Entries taken from a collection
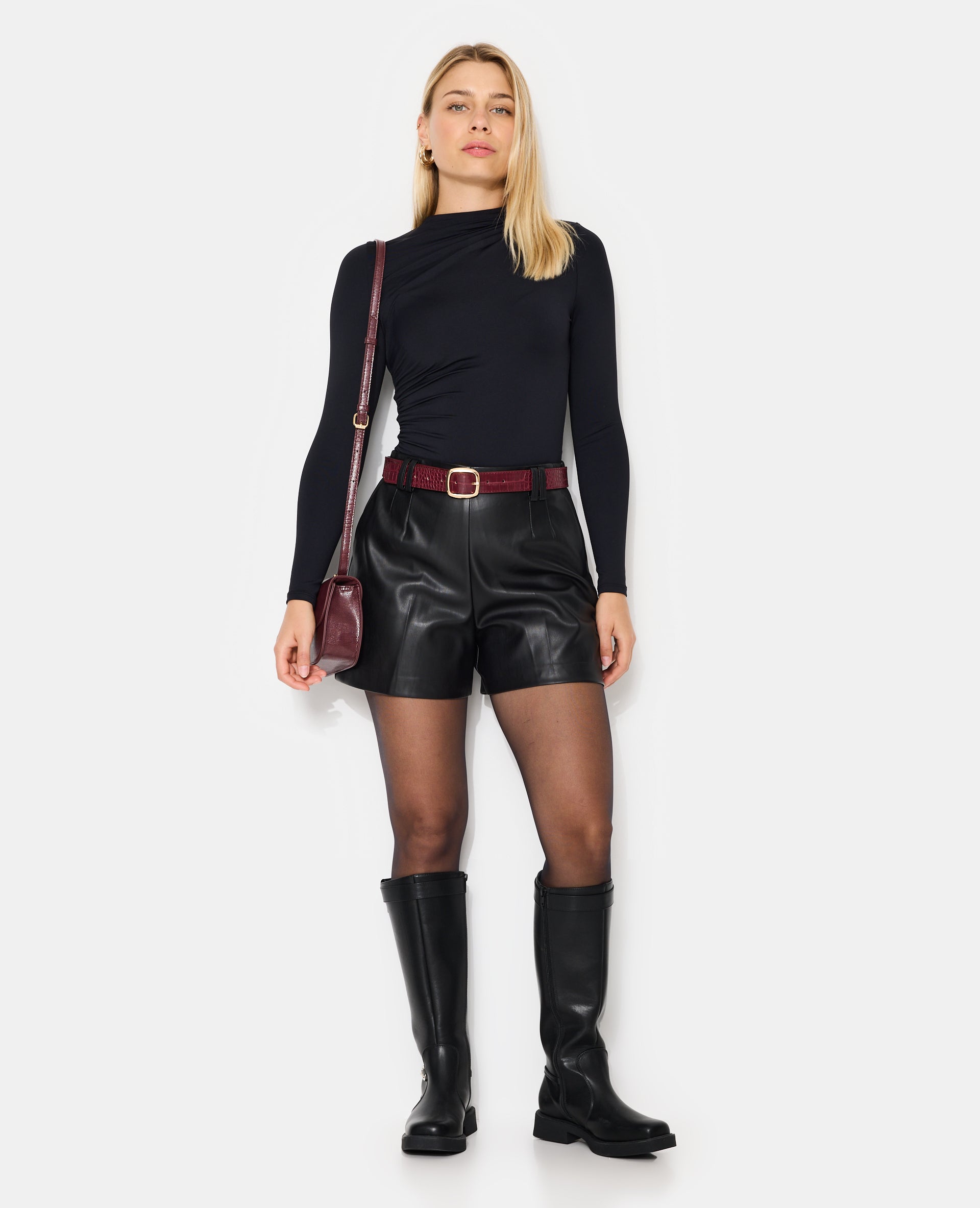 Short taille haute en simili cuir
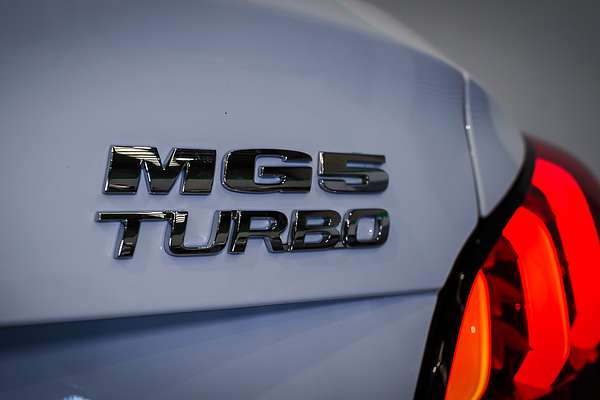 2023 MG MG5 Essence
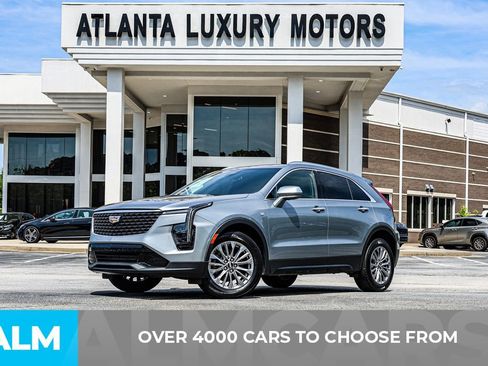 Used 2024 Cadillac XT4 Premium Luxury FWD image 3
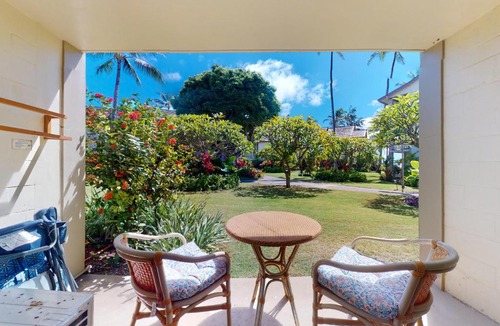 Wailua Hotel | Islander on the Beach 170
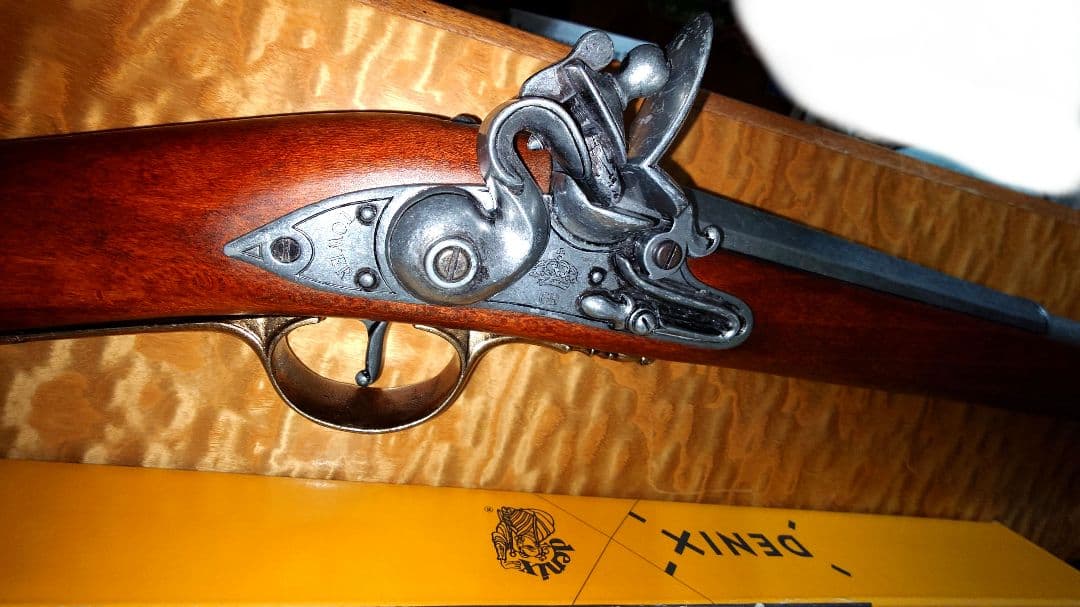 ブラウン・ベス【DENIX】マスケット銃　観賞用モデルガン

## Exercise brief:
With the images left out, output all the entries above exactly.

## Reply to the task:
 Short taille haute en simili cuir
 2023 MG MG5 Essence
 Used 2024 Cadillac XT4 Premium Luxury FWD image 3
 Wailua Hotel | Islander on the Beach 170
 ブラウン・ベス【DENIX】マスケット銃　観賞用モデルガン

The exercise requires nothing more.